Les acides gras essentiels (AEF) sont des acides gras polyinsaturés (AGPI) dont votre corps a besoin et qu’il ne peut produire. Il n’existe que deux types d’AFE : l’acide linoléique (LA) et l’acide alpha-linolénique (ALA). Aucun des deux n’est très actif, de sorte que votre corps transforme le premier notamment en acide arachidonique (AA) et le second en acide eicosapentaénoïque (EPA) et en acide docosahexaénoïque (DHA). LA et AA sont des acides gras oméga-6, tandis que l’ALA, l’EPA et le DHA sont des acides gras oméga-3. L’EPA et le DHA constituent la plupart des AGPI de l’huile de poisson.

Plusieurs mécanismes d’action ont été mis en avant pour expliquer l’effet antidépressif des AGPI en général, des acides gras oméga-3, de l’EPA en particulier et du DHA en particulier, mais sur le plan pratique, ce qui ressort, c’est que l’EPA semble réduire la dépression plus que le DHA.

L’EPA et le DHA se trouvent principalement dans les fruits de mer, notamment les poissons gras (comme le saumon, le thon et les sardines). L’acide gras oméga-3 dans la plupart des aliments végétaux est l’ALA, dont votre corps convertit peu en EPA et en DHA. Pour les végétariens et les végétaliens, la seule source riche d’EPA et de DHA est l’huile d’algues sous forme de supplément.

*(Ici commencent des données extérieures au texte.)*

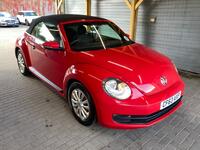 VOLKSWAGEN BEETLE
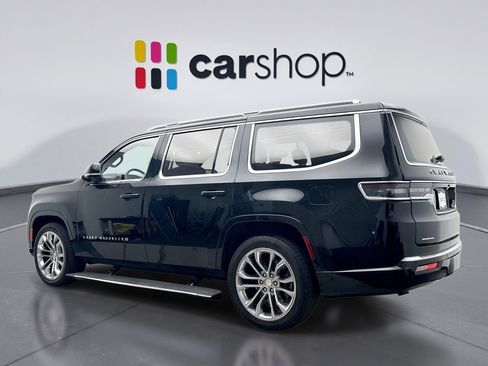 Used 2023 Jeep Grand Wagoneer Series II w/ Premium Group II AWD/4WD image 3
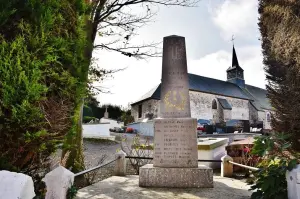 Le monument aux Morts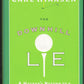 Downhill Lie: A Hacker's Return to a Ruinous Sport by Carl Hiaasen front cover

Des preuves préliminaires suggèrent que l’EPA et le DHA, deux acides gras oméga-3 abondants dans l’huile de poisson, peuvent aider à soulager la dépression clinique, en particulier lorsqu’ils complètent les traitements antidépresseurs standard. L’EPA semble être plus efficace que le DHA.

Tryptophane

Le tryptophane est un acide aminé essentiel (EAA), ce qui signifie que votre corps en a besoin mais ne peut pas le synthétiser et doit donc le faire passer par les aliments. Votre corps a besoin que vous consommiez au moins 4 mg de tryptophane par kilogramme de poids corporel par jour (4 mg / kg / jour, donc 1,8 mg / lb / jour).

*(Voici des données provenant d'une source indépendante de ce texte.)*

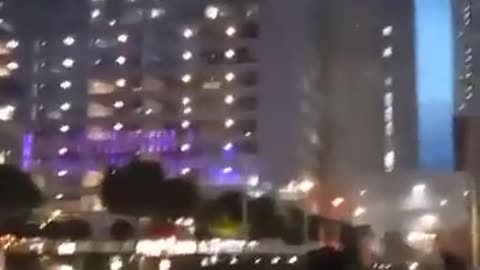 BREAKING: Ukrainian drone strikes Moscow again tonight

Votre corps utilise le tryptophane notamment pour produire de la sérotonine, un neurotransmetteur qui aide à réguler l’humeur. Une étude a révélé que les participants en bonne santé nourris avec un régime riche en tryptophane avaient moins d’anxiété, d’irritabilité et de dépression.

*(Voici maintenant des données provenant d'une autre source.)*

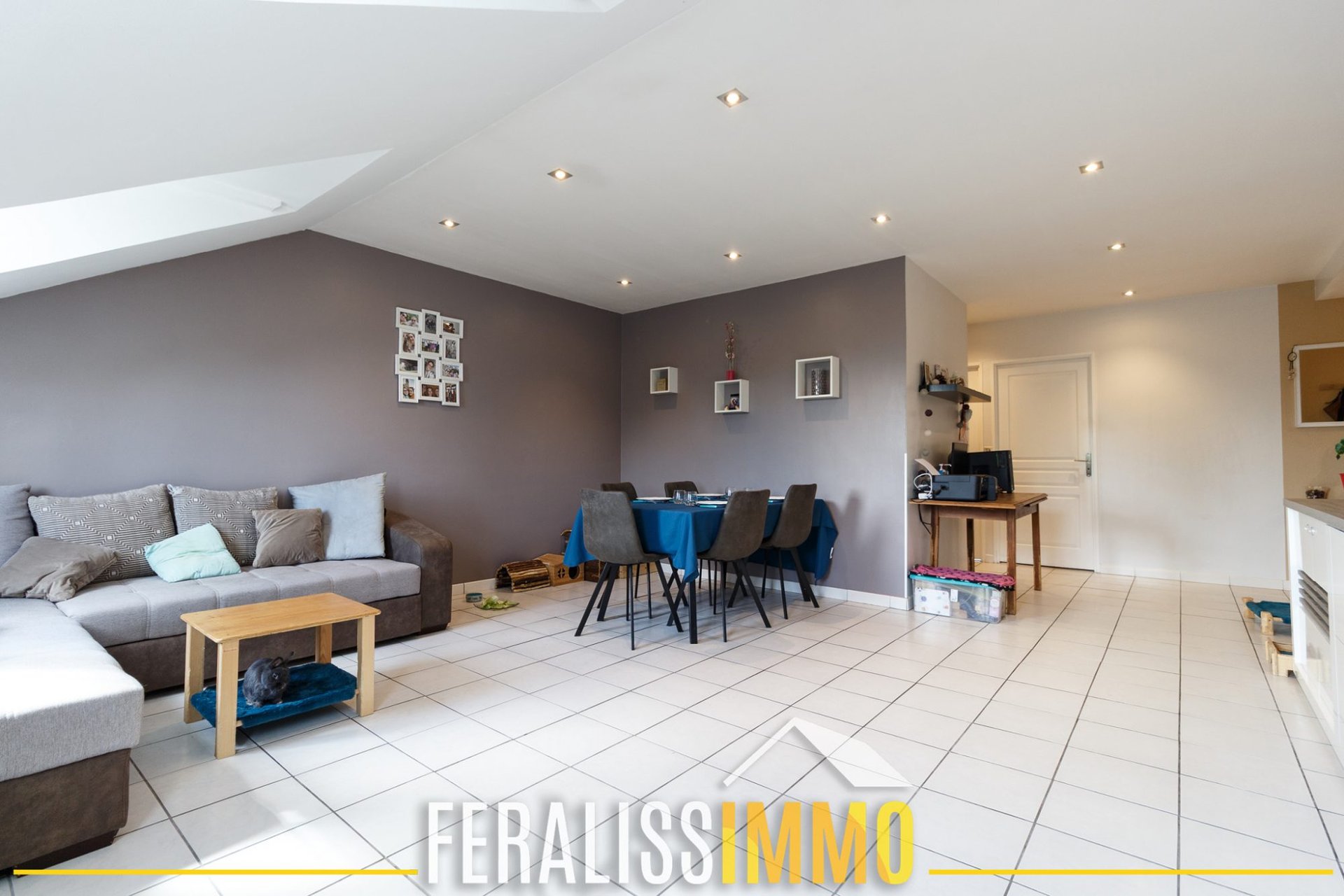 Maison à vendre, 72m², Vaux-sur-Seine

Il convient de mentionner que, selon certains chercheurs, la quantité totale de tryptophane ingérée est moins importante que le rapport du tryptophane aux autres acides aminés en compétition pour le même transporteur. S’ils ont raison (bien qu’il y ait actuellement peu de preuves à l’appui de leur hypothèse), le simple fait de manger un régime riche en protéines ne vous donnera pas tous les avantages du trytophane pour l’humeur; vous devrez prioriser les aliments riches en tryptophane.

Votre corps utilise le tryptophane pour produire de la sérotonine, un neurotransmetteur connu pour affecter l’humeur. Vous devez consommer au moins 4 milligrammes de tryptophane par kilogramme de poids corporel par jour (donc 1,8 mg / lb / jour).

L’essentiel

Certains aliments riches en 5 nutriments qui pourraient rehausser votre humeur

Une alimentation saine et équilibrée contiendra naturellement suffisamment de magnésium et de zinc, deux minéraux essentiels susceptible d’affecter l’humeur.

Manger régulièrement du poisson gras vous fournira de l’EPA et du DHA, deux acides gras qui peuvent aider à soulager la dépression clinique. Les végétariens peuvent obtenir leur EPA et leur DHA par conversion d’acides gras végétaux (bien que les taux de conversion puissent être très faibles) ou par un supplément d’huile d’algues.

Vous pouvez également essayer de sélectionner des aliments riches en tryptophane, un acide aminé utilisé par votre corps pour produire de la sérotonine, un neurotransmetteur connu pour affecter l’humeur.

Enfin, si vous n’avez pas assez de soleil, vous voudrez peut-être envisager de compléter avec de la vitamine D.